D.sub.2 F.sub.2 =D.sub.4 F.sub.4 (Eq. 3), and F.sub.4 =D.sub.2 F.sub.2 /D.sub.4 (Eq. 4), where D.sub.2 is the diameter of driver roller 50, F.sub.2 is the rotational frequency of driver roller 50 D.sub.4 is the diameter of CCR driver roller 50', and F.sub.4 is the rotational frequency of CCR driver roller 50'.

Since the frequency of oscillation F.sub.0 is the difference between the rotational frequencies of the backing roller and the CCR shell, then

F.sub.0 =F.sub.3 -F.sub.4 =D.sub.1 F.sub.1 /D.sub.3 -D.sub.2 F.sub.2 /D.sub.4 (Eq. 5), but since F.sub.1 =F.sub.2, F.sub.0 =F.sub.1 (D.sub.1 /D.sub.3 -D.sub.2 /D.sub.4) (Eq. 6).

Further, since backing roller 14 and driver roller 50 rotate about a common axis, as do CCR shaft 24 and CCR driver roller 50', then

D.sub.1 +D.sub.3 +W=D.sub.2 +D.sub.4 (Eq. 7), where W is the thickness of the substrate 18.

EXAMPLE 1

What is the oscillation frequency of the barrel cam if

D.sub.1=D.sub.3 =6.00 inches, D.sub.2 =5.90 inches, D.sub.4 =6.09 inches, W=0.01 inches, and F.sub.1 =500 rpm? By Eq. 6, F.sub.0 =16 cycles per minute.

EXAMPLE 2

What must be the diameters D.sub.2 and D.sub.4 of driver rollers 50 and 50', respectively, for a barrel cam oscillation frequency F.sub.0 of 1 cycle per minute, given that

D.sub.1=D.sub.3 =6.000 inches, W=0.005 inches, and F.sub.1 =500 rpm? By Eqs. 6 and 7, D.sub.2 =5.994 or 6.006 inches, and D.sub.4 =6.006 or 5.994 inches, since the barrel cam can advance or retard shaft 24 with respect to shell 26 with equal effect in either direction.
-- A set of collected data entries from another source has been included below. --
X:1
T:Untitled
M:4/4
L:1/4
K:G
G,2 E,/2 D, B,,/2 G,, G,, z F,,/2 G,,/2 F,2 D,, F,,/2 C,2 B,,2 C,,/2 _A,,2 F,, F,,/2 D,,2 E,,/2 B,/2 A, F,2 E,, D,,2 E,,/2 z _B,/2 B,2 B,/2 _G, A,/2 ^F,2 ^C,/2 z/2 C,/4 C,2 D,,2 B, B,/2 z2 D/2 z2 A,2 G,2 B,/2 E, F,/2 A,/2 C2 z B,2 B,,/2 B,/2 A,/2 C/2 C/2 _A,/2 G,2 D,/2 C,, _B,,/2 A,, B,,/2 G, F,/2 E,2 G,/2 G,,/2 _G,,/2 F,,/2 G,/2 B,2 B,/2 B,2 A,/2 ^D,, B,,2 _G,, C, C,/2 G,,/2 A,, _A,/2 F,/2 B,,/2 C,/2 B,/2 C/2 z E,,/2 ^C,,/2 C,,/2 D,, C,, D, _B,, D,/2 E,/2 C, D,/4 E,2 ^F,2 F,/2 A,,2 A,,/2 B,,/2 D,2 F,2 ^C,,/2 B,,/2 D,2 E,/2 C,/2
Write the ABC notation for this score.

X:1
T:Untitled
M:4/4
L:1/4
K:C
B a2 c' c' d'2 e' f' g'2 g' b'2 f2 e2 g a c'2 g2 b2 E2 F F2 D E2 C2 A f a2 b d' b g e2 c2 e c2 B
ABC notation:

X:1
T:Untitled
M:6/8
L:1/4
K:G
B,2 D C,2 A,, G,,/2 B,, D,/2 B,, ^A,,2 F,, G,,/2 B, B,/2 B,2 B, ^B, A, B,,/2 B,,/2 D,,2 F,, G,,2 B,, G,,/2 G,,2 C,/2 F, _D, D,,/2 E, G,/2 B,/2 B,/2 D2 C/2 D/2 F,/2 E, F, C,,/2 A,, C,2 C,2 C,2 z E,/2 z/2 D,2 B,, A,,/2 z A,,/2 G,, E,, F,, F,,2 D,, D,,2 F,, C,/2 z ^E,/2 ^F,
In some applications involving relatively low frequencies of rotation and/or relatively high values of frequency of oscillation, first and second driving rollers 40,44' may be of substantially the same diameter and may be toothed as meshing gears having slightly different numbers of gear teeth. Although the pitch of the teeth is, therefore, slightly different between the two gears, the number of teeth on the gears can be large enough that the difference is lost in the tolerances. In this case, the gear having fewer teeth rotates slightly faster than the gear having more teeth, the relative rotational difference being equal to the difference in numbers of teeth.

EXAMPLE 3

If D.sub.2 =D.sub.4, and F.sub.2 =160 rpm, and drive roller 50 has 160 teeth, then drive roller 50' must have either 159 or 161 teeth to cause shaft 24 to rotate once per minute within shell 26 (F.sub.0 =1).
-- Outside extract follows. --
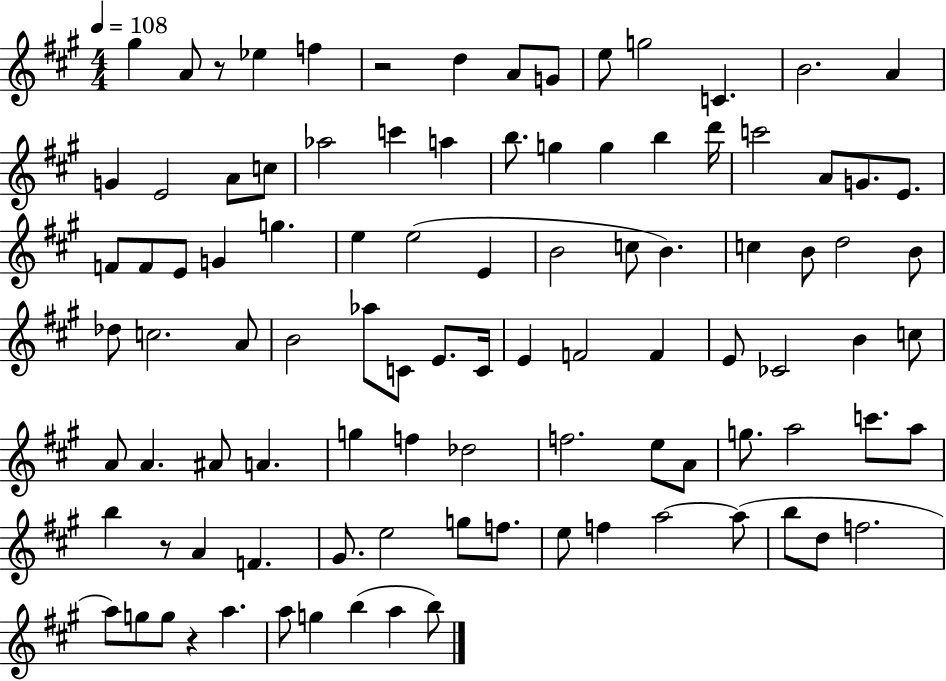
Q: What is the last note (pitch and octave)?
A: B5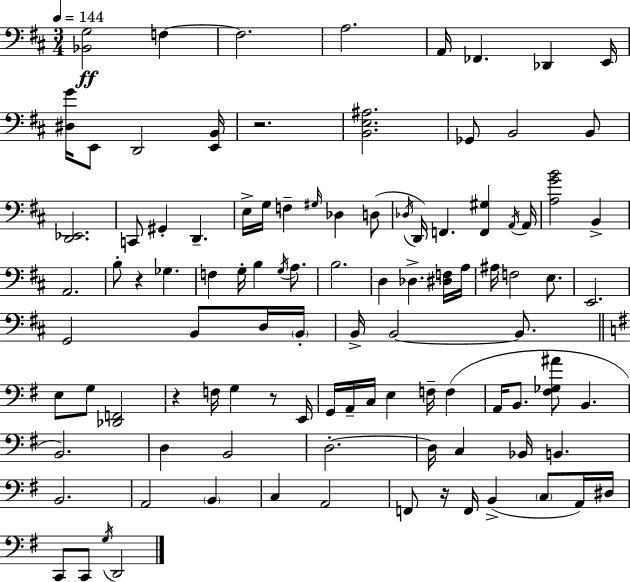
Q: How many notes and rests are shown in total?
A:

A barrel-cam contact cleaning roller 12 in accordance with the invention may also be mounted for cleaning a web substrate on a free span thereof, without resort to a backing roller, as shown in FIG. 5. The web is driven around the CCR and adjacent idler rollers 54 by any drive means well-known to those skilled in the web conveyance art. The linear velocity of the web dictates the rotational frequency of CCR shell 26. A separate roller drive means including a controller 56 senses the web velocity via sensor 58 and drives the CCR shaft 24 at a rotational frequency determined by the above equations to provide a desired frequency of oscillation. Several such independent means of controllably driving a barrel cam roller are disclosed in the above-cited patent references.
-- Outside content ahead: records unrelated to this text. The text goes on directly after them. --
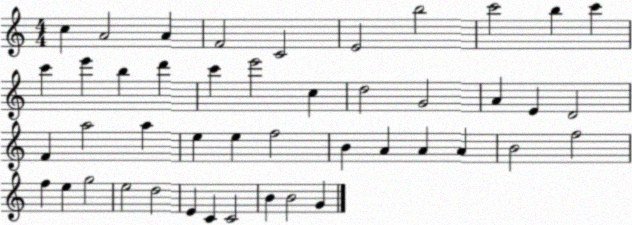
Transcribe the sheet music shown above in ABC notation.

X:1
T:Untitled
M:4/4
L:1/4
K:C
c A2 A F2 C2 E2 b2 c'2 b c' c' e' b d' c' e'2 c d2 G2 A E D2 F a2 a e e f2 B A A A B2 f2 f e g2 e2 d2 E C C2 B B2 G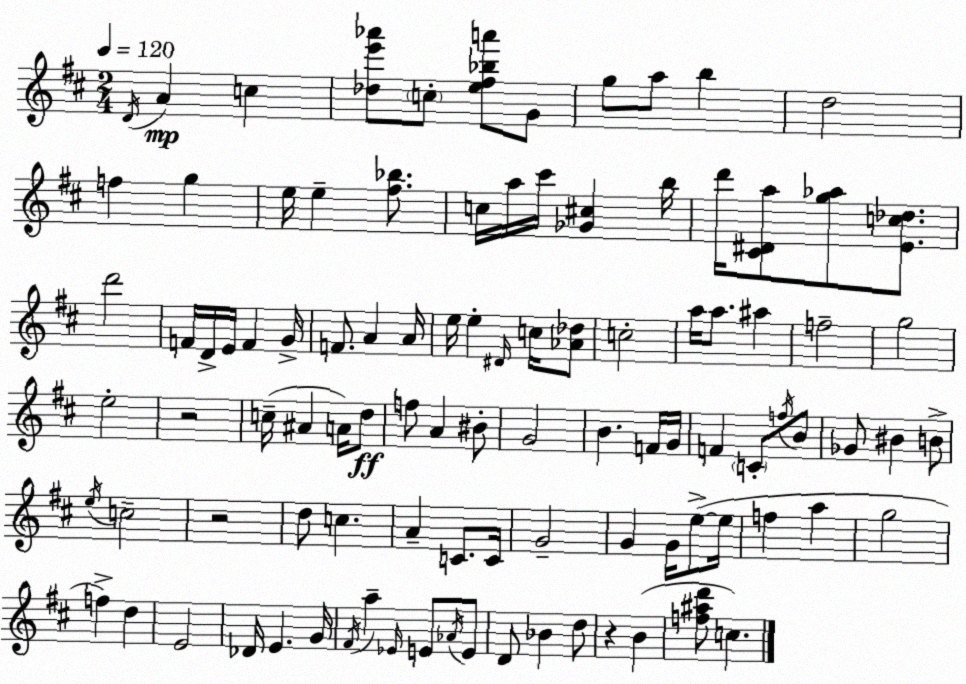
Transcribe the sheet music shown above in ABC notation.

X:1
T:Untitled
M:2/4
L:1/4
K:D
D/4 A c [_de'_a']/2 c/2 [e^f_ba']/2 G/2 g/2 a/2 b d2 f g e/4 e [^f_b]/2 c/4 a/4 ^c'/4 [_G^c] b/4 d'/4 [^C^Da]/2 [g_a]/2 [Ec_d]/2 d'2 F/4 D/4 E/4 F G/4 F/2 A A/4 e/4 e ^D/4 c/4 [_A_d]/2 c2 a/4 a/2 ^a f2 g2 e2 z2 c/4 ^A A/4 d/2 f/2 A ^B/2 G2 B F/4 G/4 F C/2 f/4 B/2 _G/2 ^B B/2 e/4 c2 z2 d/2 c A C/2 C/4 G2 G G/4 e/2 e/4 f a g2 f d E2 _D/4 E G/4 ^F/4 a _E/4 E/2 _A/4 E/2 D/2 _B d/2 z B [f^ad']/2 c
Referring to FIG. 6, an oscillable nipped CCR as shown in FIGS. 2-4 may be adapted to vary the frequency of oscillation as desired. Diameters D.sub.2 and D.sub.4 have been reduced slightly to D.sub.2 ' and D.sub.4 ' of drive rollers 50 and 50', respectively, to accommodate a planar drive wheel 60 therebetween having an axis 62 orthogonal to the axes of shafts 40 and 40'. Wheel 60 is provided with high traction surfaces on both its upper 62 and lower 64 sides for frictionally driving rollers 50 and 50' simultaneously in counter-rotation and is connected via a drive shaft 66 to a controllable drive motor 68 (conventional drive speed controls not shown). Machine frame 70 slidably supports bearing mounts 42 and 42' and is provided with apertures 72, 72' for free passage and rotation of shafts 40 and 40'. Adjustment screws 74, 74' are disposed in threaded bores in frame 70 for translating bearing mounts 42, 42', shafts 40, 42', and hence backing roller 14 and CCR 12 axially of each other. Adjustment of screws 74,74' changes the radial locations of drive rollers 50,50' on their respective upper and lower drive surfaces of planar drive wheel 60 and thereby changes their rotational frequencies. The screws may be adjusted as desired to provide specific values of F.sub.2, and F.sub.4 and thereby a desired value of F.sub.0 in accordance with Equations 1-7.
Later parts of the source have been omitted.